Judging by his mood yesterday, Eriksson had been waiting for something to take the focus away from Rooney and the latest development in the striker's recovery. The England manager was tetchy when it came to discussing the 20-year-old - "not fair on the rest of the squad," he said - and the news that the fracture, according to United, "involves the joint", which would take longer to heal, will have done nothing to improve his mood.

It was left to Rio Ferdinand, that running mate of Rooney's on and off the pitch, to lighten the gloom a little further.

"When you look around the squad, obviously it would be great to have Wazza [Rooney] because of what a great player he is," he said. "But when I look around the changing room I can see people who are capable of coming in and playing. If I looked around and I didn't see anyone and I thought, 'Flipping hell, without Wazza we've got no chance' then I would be worried. But I'm not."

For the first time yesterday, Eriksson seemed to be talking about a World Cup without Rooney. He has responded by freeing the two most formidable talents at the heart of his midfield to fill the creative void. When Rooney's metatarsal gave way on 29 April, the challenge to Eriksson was to justify his £5m annual salary by compensating for the loss of his best player.

Since then the England coach has picked two uncapped teenagers in his squad - Theo Walcott and Aaron Lennon - and now dropped Crouch in favour of Carragher in the holding midfield position. As he faces his greatest challenge, Eriksson cannot, at the very least, be accused of playing a conservative hand.

Making a grab for the holding role: Rivals for the defensive midfield position

Jamie Carragher

Club: Liverpool Age: 28 Caps: 23 Debut: v Hungary, 28/4/99

He has vast experience as a central defender, especially over the last two previous seasons with Liverpool in which his form has been exemplary. Missed out on the 2002 World Cup with injury. As a centre-back has always accepted his England status behind Ferdinand, Terry and Campbell with good grace.

Strengths: Has established himself as one of the best defenders in Europe. Trusted and respected in the England squad and has great experience of playing on the biggest stage. Has filled in as a holding midfielder for England of late when coming on as a substitute.

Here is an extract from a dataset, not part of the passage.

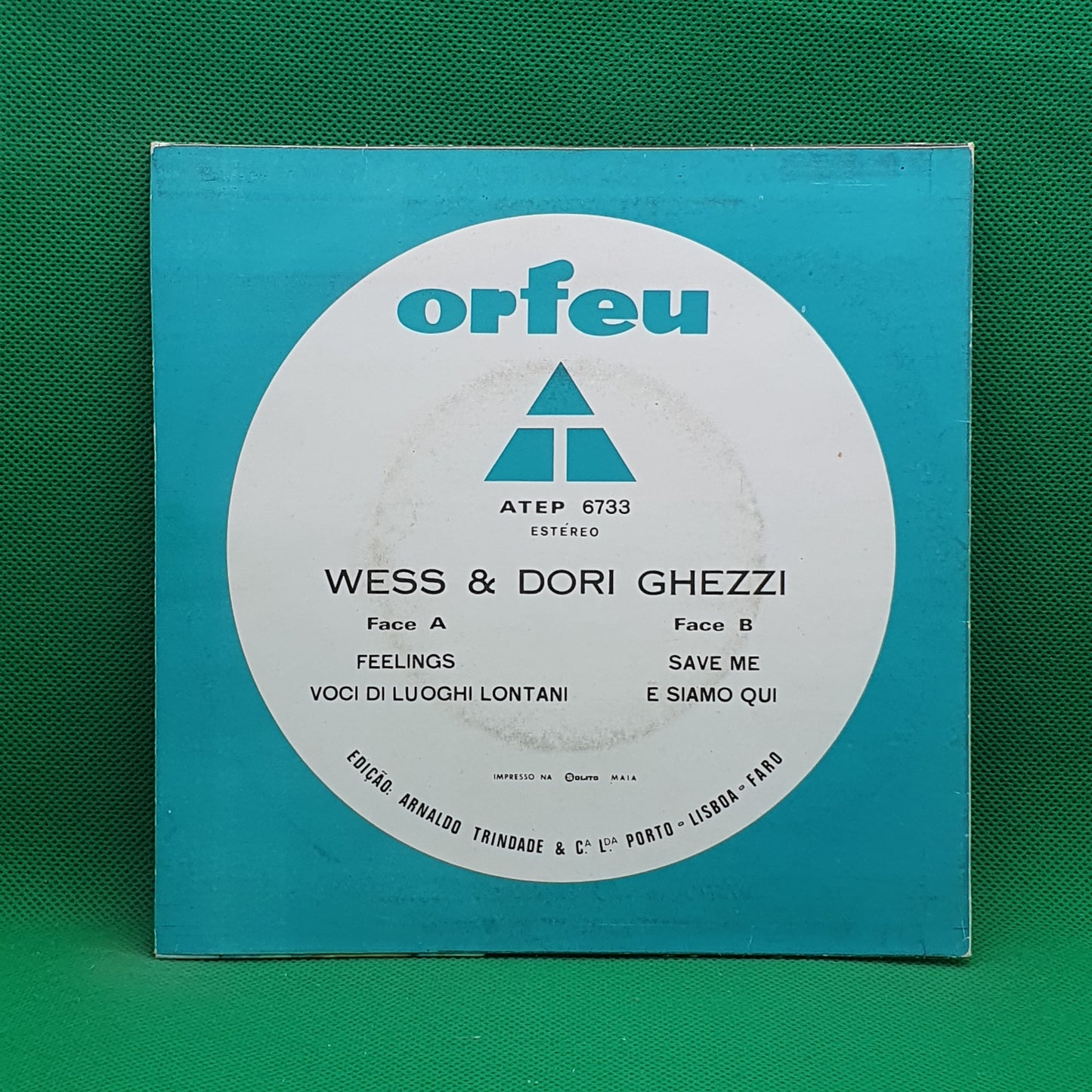 Wess And Dori Ghezzi – Feelings
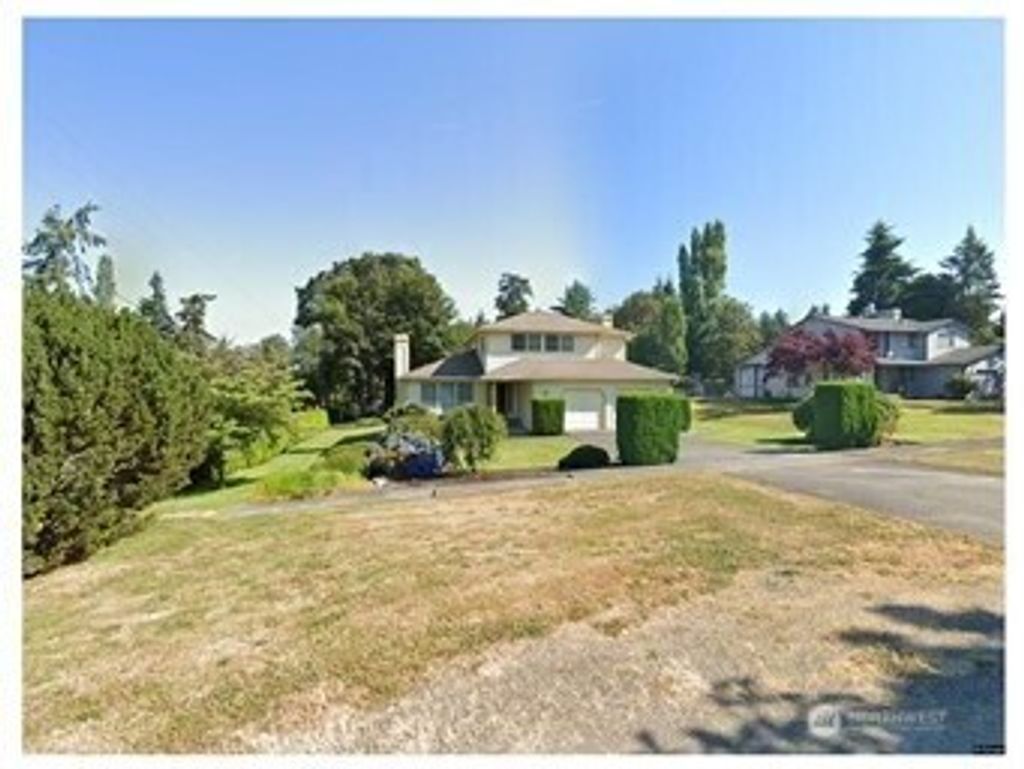 Photo of 814 S 245th Street, Des Moines, WA 98198 (MLS # 2354704)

Weaknesses: It's been a long time since he played the holding midfield role for England from the start of a match.

Michael Carrick

Club: Tottenham Hotspur Age: 24 Caps: 5 Debut: v Mexico 25/5/01

He has established himself as one of the Premiership's leading holding midfielders in his best season to date with Tottenham. He is assured on the ball and strong enough to break up the opposition's attacks. Arsène Wenger came close to signing him and is a confirmed fan.

Strengths: No English midfielder has done more to further his case this season than Carrick. Eriksson brought him into one of his first squads - his fourth game in charge against Mexico in May 2001 - when Carrick was still at West Ham. The Swede certainly rates him.

Weaknesses: Failed to make an impression when given the holding midfield job against Belarus. Gained a reputation for too many sideways passes. He has no Champions' League experience and only five caps.